Village and civil parish in North Yorkshire, England

Kirby-on-the-Moor, now known as Kirby Hill, is a village in the Kirby Hill civil parish about 1 mi north of the market town of Boroughbridge, in North Yorkshire, England.

==Geography==
The village is on a section of the Great North Road that is now the B6265. It was part of the A1 until the section of the A1(M) west of the village was built. The village is 85–131 ft above sea level. The A1(M) motorway passes approximately 500m west of the village.

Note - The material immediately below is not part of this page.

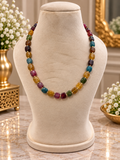 Multicolor Stone Mala-Sleek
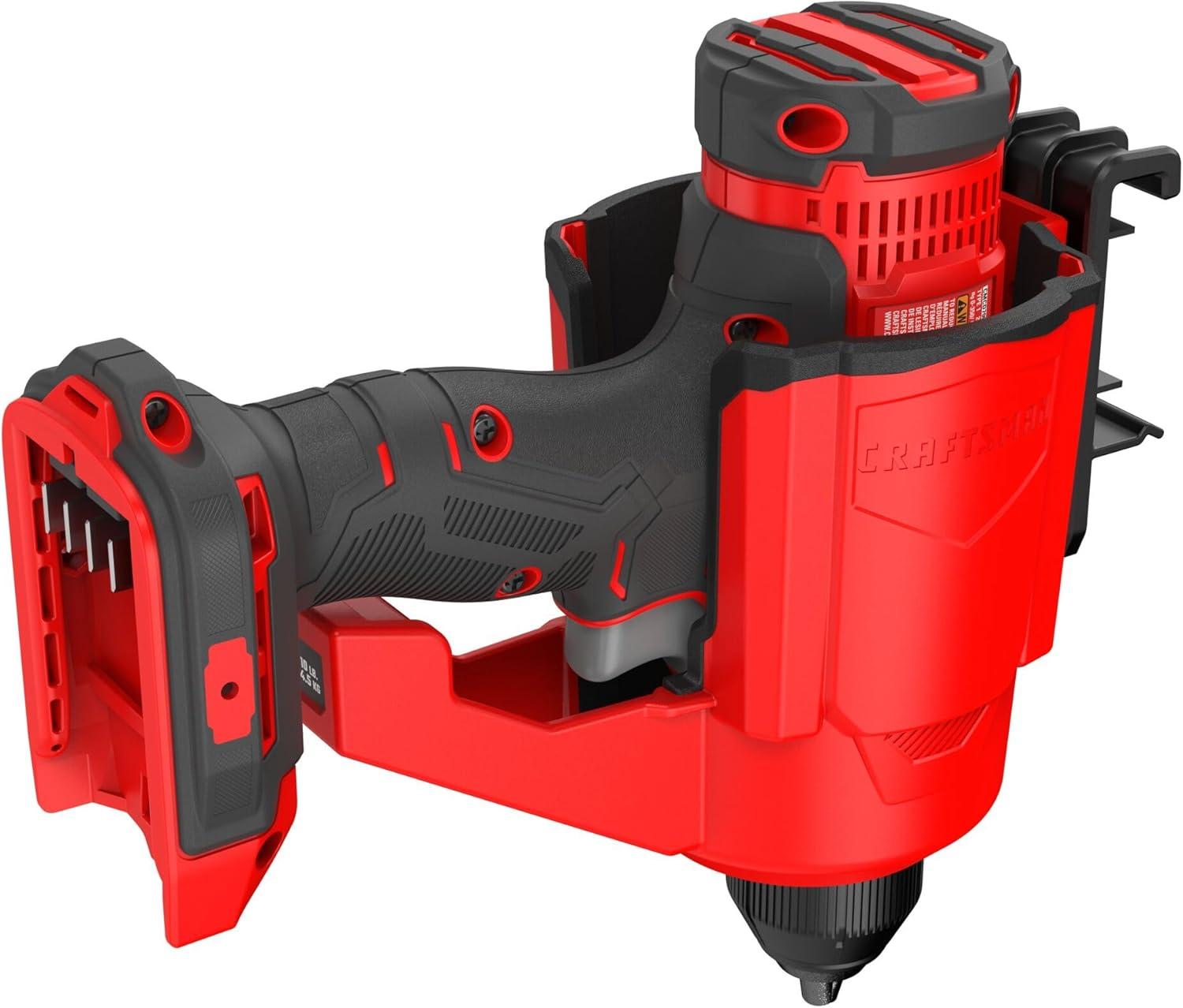 imageCRAFTSMAN Versatrack Power Tool Holster Secure Storage Quick Access Versatrack Compatible CMST82823VT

The 2001 Census recorded the population as 355, of whom 294 were more than 16 years old and 168 of these were in employment. There were 155 dwellings of which 105 were detached. The 2011 Census recorded the population as 391.

==Manor==
The Domesday Book of 1086 records Kirby as Chirchbi in the hundred of Hallikeld. Gospatric, son of Arnketil held the manor of Kirby at the time of the Norman conquest of England. Afterwards the manor was seized by the Crown, but Gospatric remained lord of the manor on behalf of the King.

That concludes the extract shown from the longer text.